Reviews

September 8, 2012
 

SHOWBUZZDAILY @ TORONTO: “Frances Ha” & “Imogene”

 

One of the things that happens at film festivals is that as you see many films in back-to-back proximity, mini-trends start to emerge, at least in the mind, and pictures that were made entirely separately, and which may well end up released months apart from each other, seem to be in direct competition.  So it is with today’s double feature of comedies tinged with drama about single women in New York struggling to find their place in the world, Noah Baumbach’s FRANCES HA, from a script he co-wrote with star Greta Gerwig, and IMOGENE, directed by Shari Springer Berman and Robert Pulcini from a script by Michelle Morgan.  (Oddly enough, actress Mickey Sumner has a small role in Imogene and a major one in Frances Ha.)

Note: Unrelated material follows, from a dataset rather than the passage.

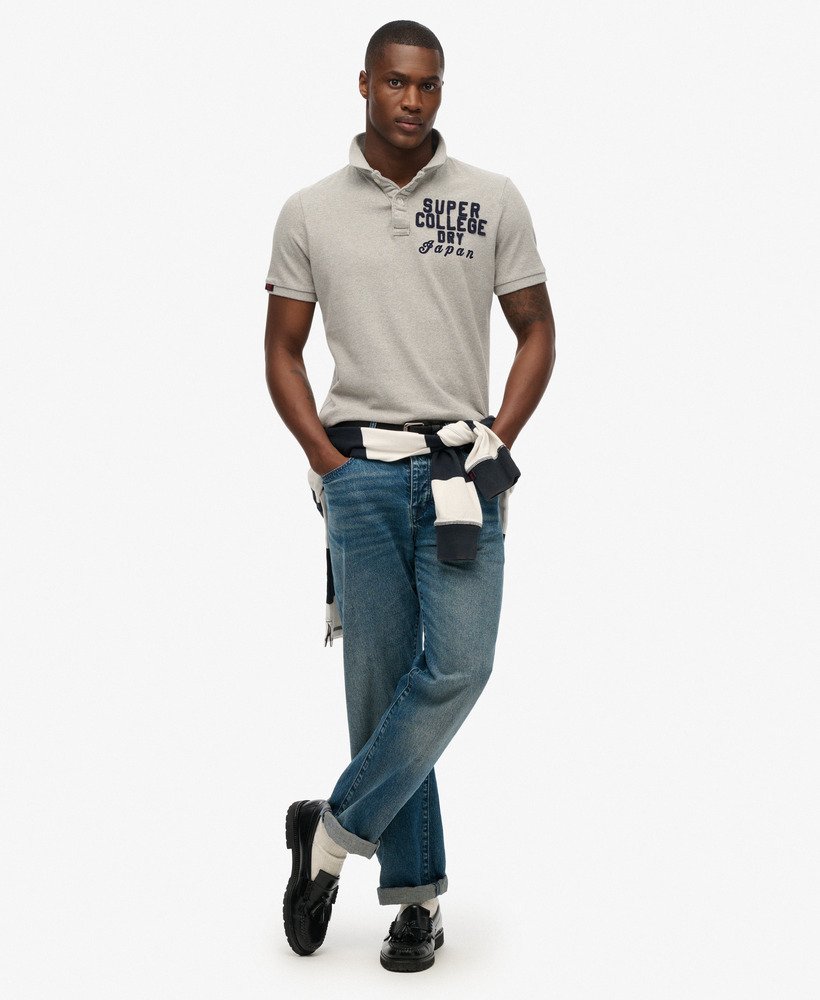 Polo homme piqué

Of the two, Frances Ha is clearly the more substantial, a delightful surprise from Baunbach after his coldly cutting Margot At the Wedding and the grump-fest Greenberg.  The best thing in the latter movie was Gerwig as the aimless young woman who helps Greenberg spark to some form of life, and although Gerwig is playing a different character here, Frances is not dissimilar from her Greenberg counterpart.  A dancer whose clock on a potential professional career is ticking, Frances is amiably without direction.  The strongest relationship in her life with with best friend Sophie (Sumner), but Sophie is beginning to grow up faster than Frances, and Frances is hurt and–if she’ll just admit it to herself–worried to be left behind.

Frances Ha has already been and will continue to be compared to Lena Dunham’s Girls (much to Baunbach’s disdain, as an unwary questioner found out who raised the subject at tonight’s Q&A), because it’s about women in their 20s in semi-bohemian Brooklyn, but Frances is considerably less perverse and, frankly, less extraordinary.  Yet it’s a charming piece of work, one that combines the loose-limbed feel of mumblecore (where Gerwig got her start) with tightly-scripted dialogue and a more elaborate, far-reaching structure than you’d initially expect.  The superb technical credits include beautiful black & white photography by Sam Levy that (deliberately) harkens back to the Woody Allen films of the 1970s and 1980s.  The depiction of the friendship between Frances and Sophie is superb, and for Gerwig, this could well be the breakout role she’s been circling around for the past few years.

Kristen Wiig had her breakout movie with Bridesmaids, and Imogene seems to be an attempt to broaden her appeal beyond that and SNL as an actress who can carry a more dramatic role.  Wiig is fine, and manages for the most part to avoid sketch-comedy exaggeration.  But the tone of Imogene is all over the place, from dysfunctional family indie to rom-com to pure silliness..  Imogene was a girl raised in New Jersey who couldn’t wait to get out; after her father’s abrupt exit from her life, she was raised by wacky single mom Zelda (Annette Bening), who’s a low-rent gambling addict and whose life-in lover (Matt Dillon) claims to be a secret CIA agent.  Imogene’s brother Ralph (Christopher Fitzgerald) buries his social terror in a fascination with crabs and the shells they can pull over themselves for protection.  Imogene herself dreamed of being a playwright, but that never happened, and now she’s holding on to her New York life by her fingernails, with a long-term boyfriend who really doesn’t care about her, and supposed friends who look down on her.  When she loses it all in quick succession, and stages a fake suicide attempt to bring her boyfriend back, she ends up being put into her mother’s custody, and has to live again with all the people she despises most–plus Lee (Darren Criss), the Backstreet Boys impersonator who rents her old bedroom.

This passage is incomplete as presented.